EMDR ve MASTR (Motivasyon Uyarlanabilir Beceriler Travma Çözümü (MASTR) Tedavileri
EMDR, Shapiro (2001) tarafından geliştirilen travma odaklı bir müdahaledir. Bu yaklaşımın uyarlanabilir bilgi işleme modeli tarafından yönlendirildiğini öne sürüyor. Travmatik anıların, çağrışımları öğrenmenin temelini oluşturan diğer anılar gibi uygun şekilde depolanmadığını öne sürer. EMDR’nin amacı “işlenmemiş bellek ile diğer bellek ağlarında bulunan daha uyumlu bilgiler arasında yeni bağlantılar oluşturmaktır” (Shapiro & Maxfield, 2003, s. 199). EMDR, hem kapsamlı bir psikoterapi yaklaşımı (Shapiro, 2001) hem de kapsamlı bir şekilde araştırılan ve TSSB için tercih edilen bir travma tedavisi olarak tanımlanan psikolojik bir tedavi olarak tanımlanmıştır (Bisson & Andrew, 2007). EMDR yöntemi minimum düzeyde danışandan travma öyküsü alınmasını, işlenecek travmatik anıların seçilmesini, bu anıların işlenme sırasının seçilmesini, danışanın işleme hazırlanmasını, anıların işlenmesini, kapanışın sağlanmasını ve önceki çalışmaların yeniden değerlendirilmesini içeren bir tedavi planı geliştirmeyi içerir. (Shapiro, 2001).
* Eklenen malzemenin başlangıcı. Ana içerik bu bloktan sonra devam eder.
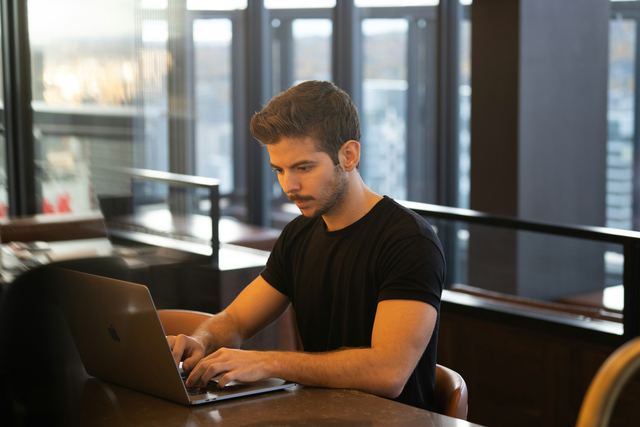 Homem de camiseta preta sentado em uma mesa digita em um notebook.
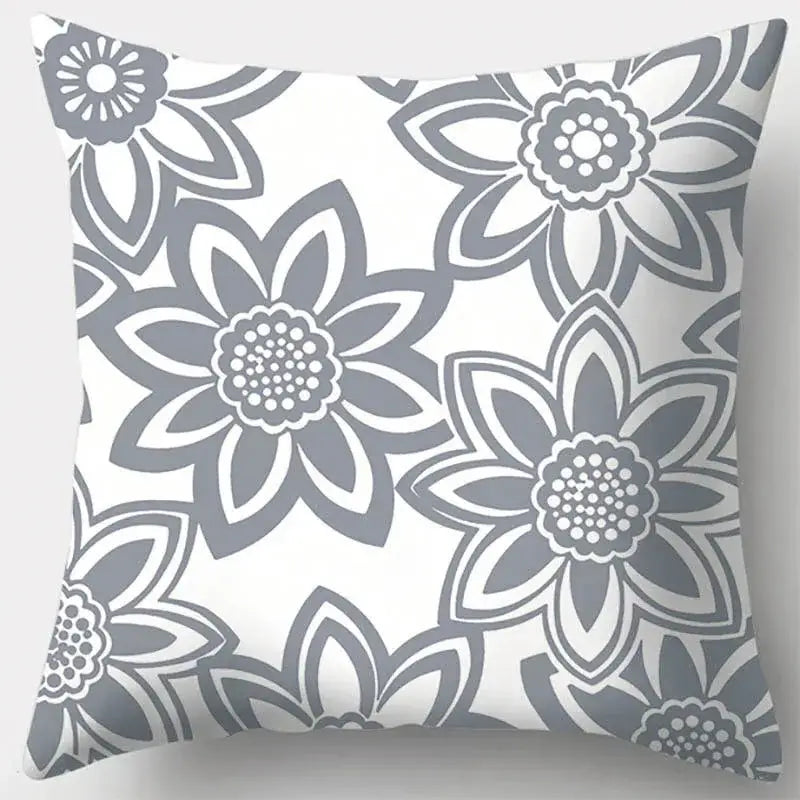 A square throw pillow case with grey geometry patterned stylized flowers on white for living room decor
Travmatik hafızayı işleme adımları genellikle işin hedeflerini (yani, travmatik hafızayı), her bir hedefle ilişkili en canlı görüntüyü, olumsuz bir inancı ve kendilik hakkında tercih edilen olumluyu (derecelendirilen), ilgili bir duyguyu (yani, travmatik hafızayı) tanımlamaktan oluşur. Hangi de derecelendirildi) ve vücut duyumları. Daha sonra, terapistin hareket eden parmaklarını takip ederek gözleri ileri geri hareket ettirirken müşteriden seçilen travmanın en kötü anına konsantre olması istenir (bir müşteri için göz hareketleri zorlaştığında, alternatif ellere dokunma dahil olmak üzere iki taraflı stimülasyonun diğer alternatif yöntemleri kullanılır) . Daha sonra, danışandan imgeler, düşünceler, duygular veya fiziksel duyumlar gibi farkındalığına gelenleri bildirmesi istenir. Bir sonraki setin odak noktası, müşterinin değişen durumuna göre belirlenir. Örneğin, müşteri duygularını bildirirse
Öfke, terapist bir sonraki sette öfkeye konsantre olmayı önerebilir. Bu prosedür, müşteri hafızayla ilgili başka bir sıkıntı rapor edene kadar tekrarlanır. Daha sonra danışandan, daha önce tanımlanan olumlu inancı (veya yeni bir inancı) ve alternatif iki taraflı uyarımı düşünürken travmatik anıya odaklanması istenir. Bu aynı zamanda müşteri inanca olan güveninin arttığını bildirene kadar tekrarlanır. Son olarak, olumsuz beden duyumları da aynı şekilde işlenirken, olumlu duyumlar da aynı şekilde işlenir Geliştirilmiş.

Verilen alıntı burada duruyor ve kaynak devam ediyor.